The move likely marks the end of the line for Trump’s legal push to reverse his defeat.
The Supreme Court has rejected a longshot bid by Texas and other Republican-led states to overturn President-elect Joe Biden’s victory in last month’s election, dashing President Donald Trump’s last-ditch hope that the justices effectively hand him a second term.
In a brief order Friday evening, the justices summarily refused the unusual case Texas filed Monday against four swing states whose voters favored Biden.
“Texas has not demonstrated a judicially cognizable interest in the manner in which another State conducts its elections,” the court wrote in its unsigned order.

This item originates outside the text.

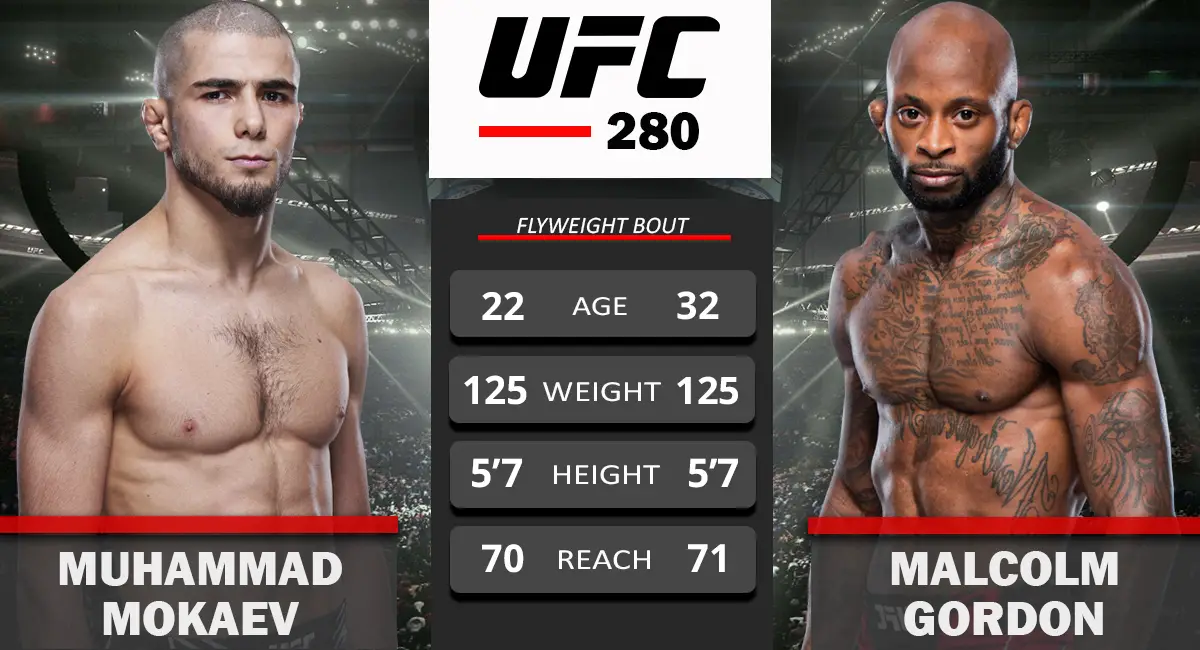Muhammad Mokaev vs Malcolm Gordon UFC 280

No justice indicated any endorsement of Texas’ arguments. Justices Samuel Alito and Clarence Thomas issued a statement saying they would have allowed Texas’ to file its case under a rarely-used procedure for interstate disputes, but they said “would not grant other relief.”
The decision brings an abrupt, unceremonious end to Trump’s legal effort to essentially scrap the democratic process in order to preserve his presidency, a six-week-long crusade in which he has spread false conspiracies about voter fraud to drive up distrust of the U.S. election system. Trump dubbed the Supreme Court gambit “the big one” and had publicly pressed the justices to rule for him to “save America.”

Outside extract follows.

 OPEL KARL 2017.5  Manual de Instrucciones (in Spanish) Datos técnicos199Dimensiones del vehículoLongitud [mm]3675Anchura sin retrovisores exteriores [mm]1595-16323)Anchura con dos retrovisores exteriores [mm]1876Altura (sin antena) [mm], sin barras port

Texas’s audacious legal move, lodged by its scandal-plagued attorney general Ken Paxton, won Trump’s endorsement and the backing of 126 Republican members of the House, including GOP Leader Kevin McCarthy. However, the attempt also prompted an angry reaction from the targeted states and led many Democrats and some GOP officials to denounce the effort as a dangerous assault on the foundation of American democracy.
“Every American who cares about the rule of law should take comfort that the Supreme Court — including all three of President Trump’s picks — closed the book on the nonsense,” Sen. Ben Sasse (R-Neb.) tweeted Friday evening.